--- TASK DATA Enclosed Below ---

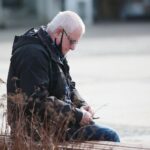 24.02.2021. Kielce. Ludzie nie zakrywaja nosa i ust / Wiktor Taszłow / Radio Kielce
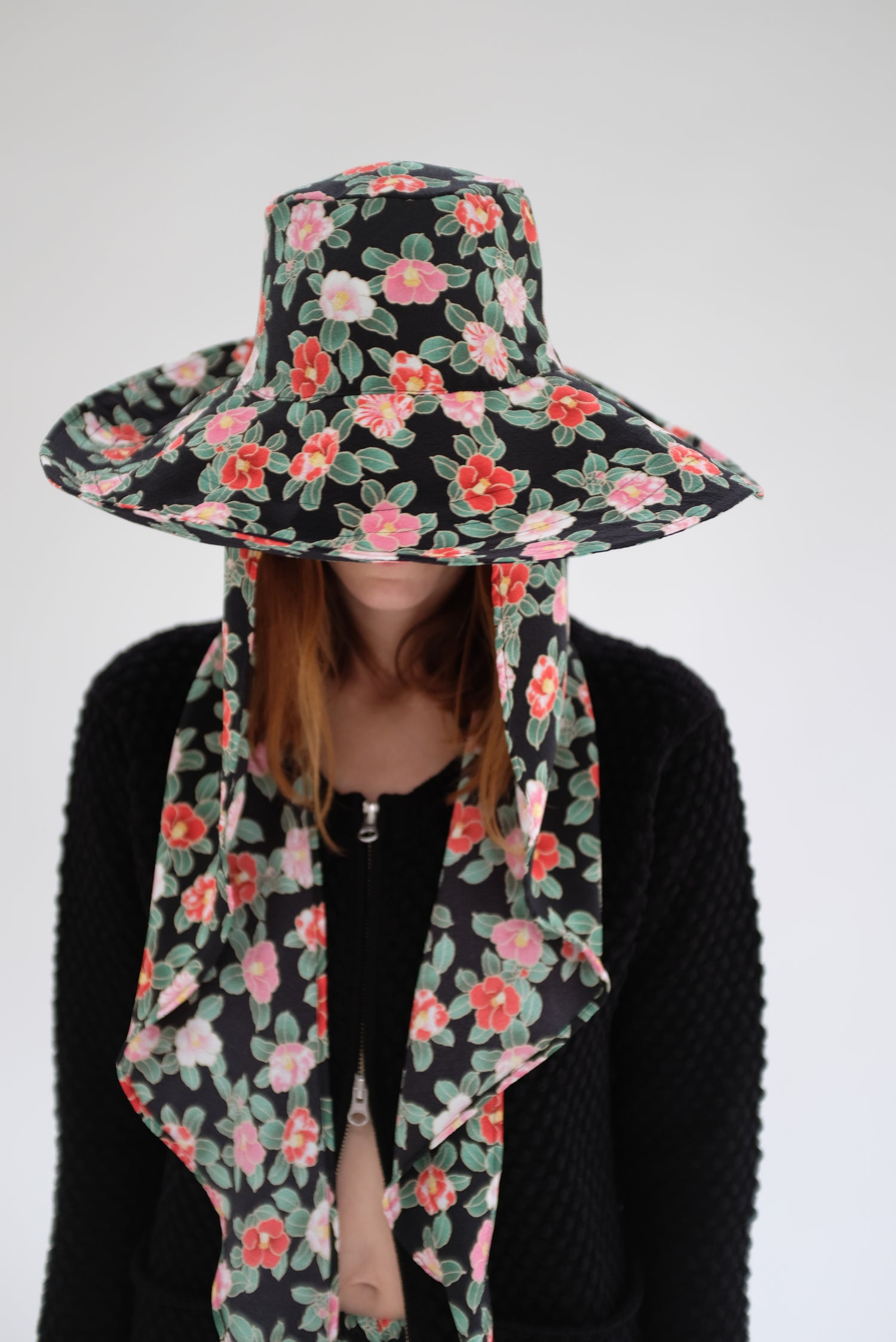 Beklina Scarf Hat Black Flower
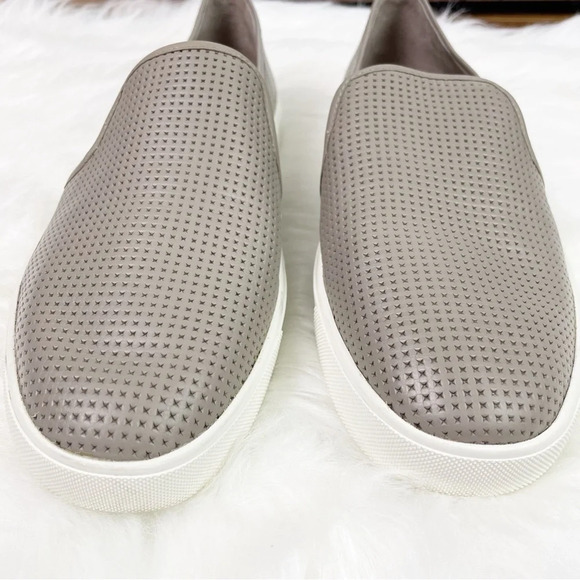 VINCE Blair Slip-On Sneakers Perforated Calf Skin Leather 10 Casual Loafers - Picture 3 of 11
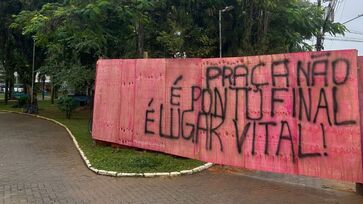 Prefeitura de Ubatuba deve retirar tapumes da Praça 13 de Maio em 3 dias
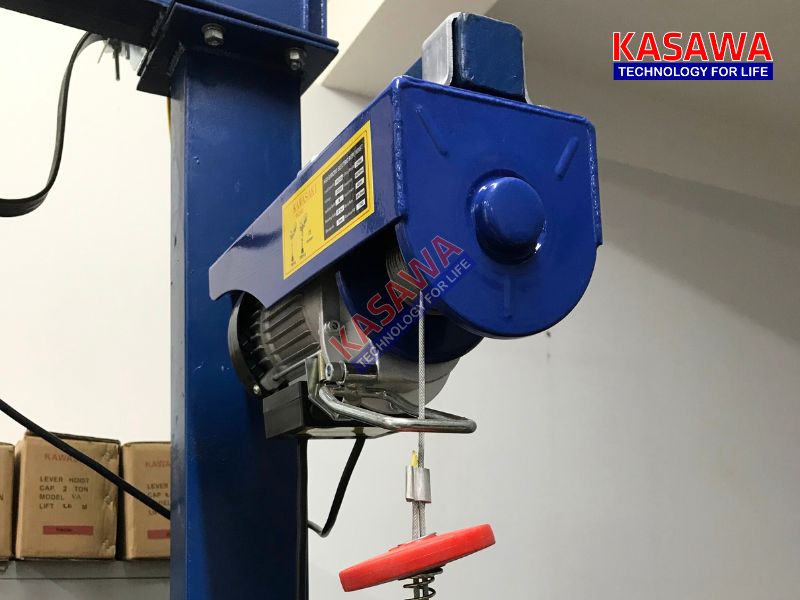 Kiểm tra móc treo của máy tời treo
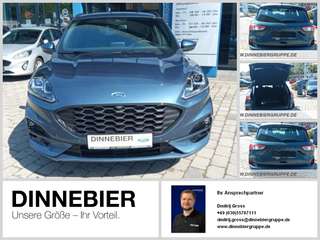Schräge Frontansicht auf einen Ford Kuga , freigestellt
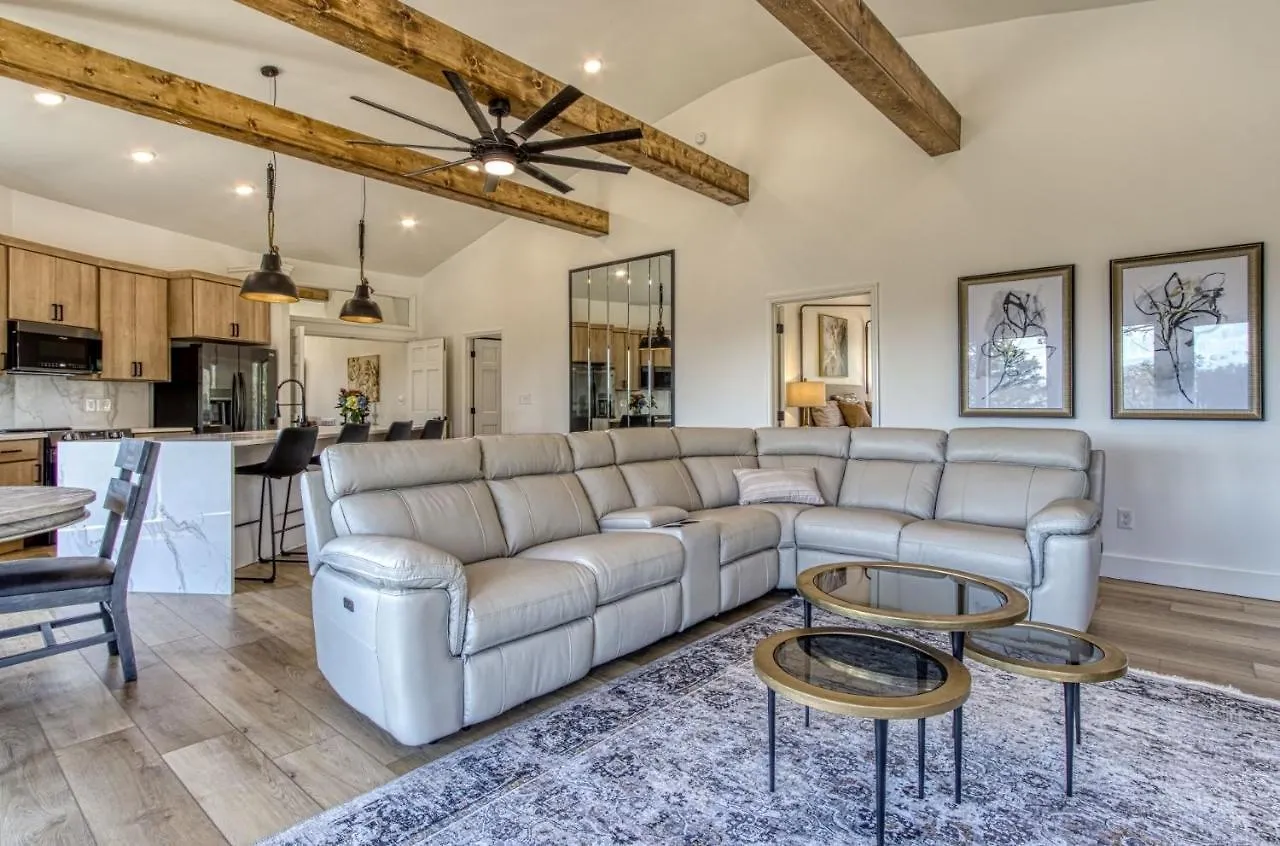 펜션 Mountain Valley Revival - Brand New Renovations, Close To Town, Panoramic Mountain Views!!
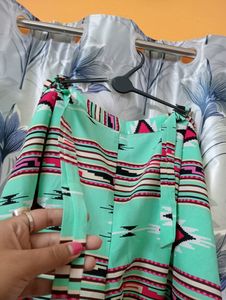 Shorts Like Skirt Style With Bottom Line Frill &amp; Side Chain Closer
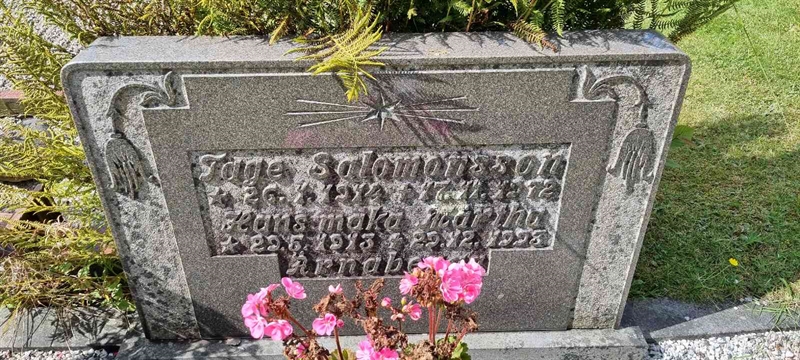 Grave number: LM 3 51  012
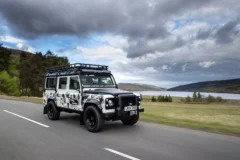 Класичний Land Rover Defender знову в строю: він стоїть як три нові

--- End of Enclosed TASK DATA ---
--- TASK DATA Enclosed Below ---

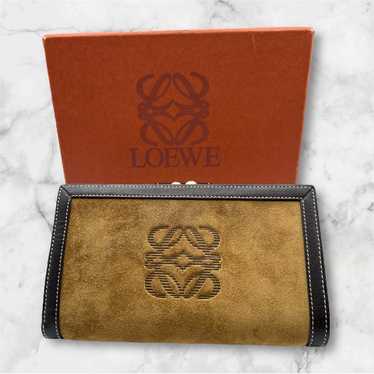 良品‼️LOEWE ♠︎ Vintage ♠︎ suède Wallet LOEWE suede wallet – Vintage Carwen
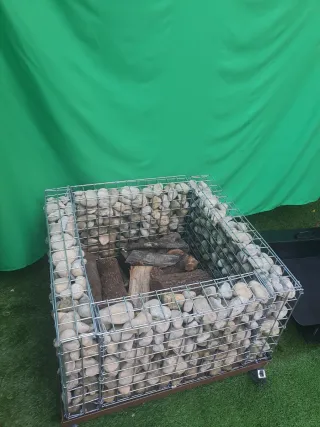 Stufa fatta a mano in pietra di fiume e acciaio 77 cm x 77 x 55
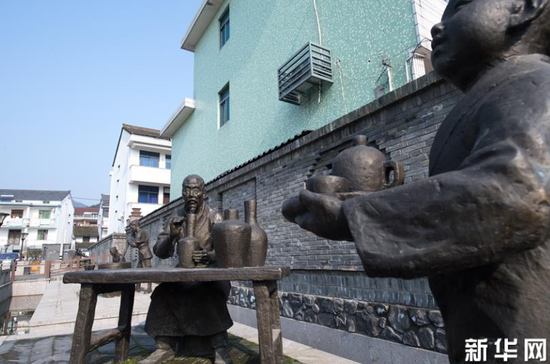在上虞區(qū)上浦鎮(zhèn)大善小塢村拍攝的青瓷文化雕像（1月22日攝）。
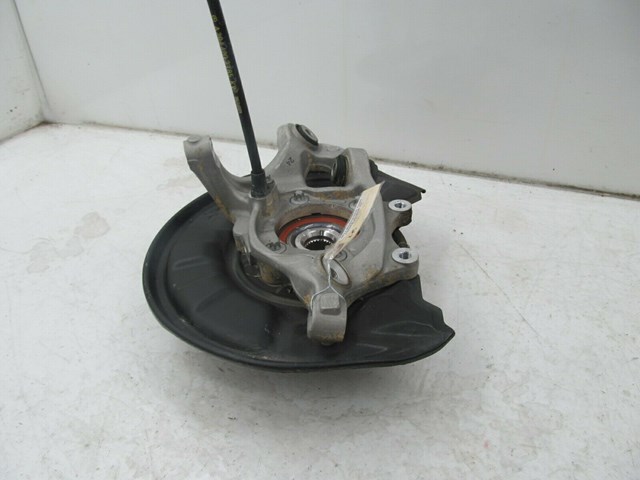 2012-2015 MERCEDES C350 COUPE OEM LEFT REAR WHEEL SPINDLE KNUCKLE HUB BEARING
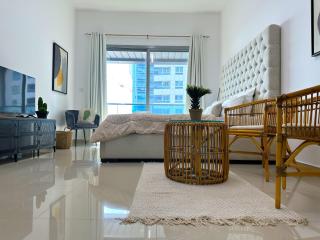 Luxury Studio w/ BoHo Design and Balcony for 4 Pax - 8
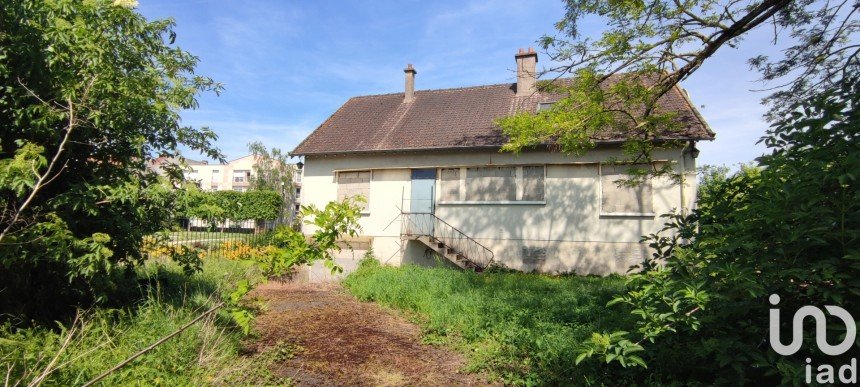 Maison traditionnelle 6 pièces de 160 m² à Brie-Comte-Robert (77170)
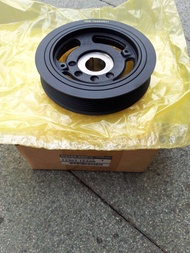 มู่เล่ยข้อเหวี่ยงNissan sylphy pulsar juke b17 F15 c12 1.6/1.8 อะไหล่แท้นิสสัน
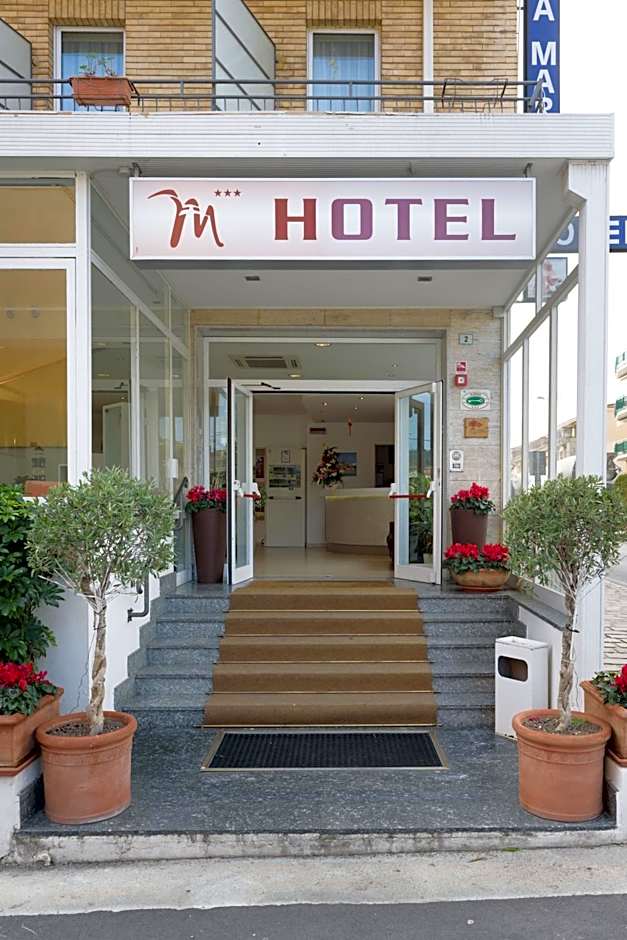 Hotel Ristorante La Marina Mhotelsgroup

--- End of Enclosed TASK DATA ---

WHAT YOU NEED TO DO: Go down the entries above from the line containing "VINCE Blair Slip-On" to the line containing "Класичний Land Rover" and write out each line exactly, leaving pictures out.

RESULT FOR THIS EXERCISE:
 VINCE Blair Slip-On Sneakers Perforated Calf Skin Leather 10 Casual Loafers - Picture 3 of 11
 Prefeitura de Ubatuba deve retirar tapumes da Praça 13 de Maio em 3 dias
 Kiểm tra móc treo của máy tời treo
Schräge Frontansicht auf einen Ford Kuga , freigestellt
 펜션 Mountain Valley Revival - Brand New Renovations, Close To Town, Panoramic Mountain Views!!
 Shorts Like Skirt Style With Bottom Line Frill &amp; Side Chain Closer
 Grave number: LM 3 51  012
 Класичний Land Rover Defender знову в строю: він стоїть як три нові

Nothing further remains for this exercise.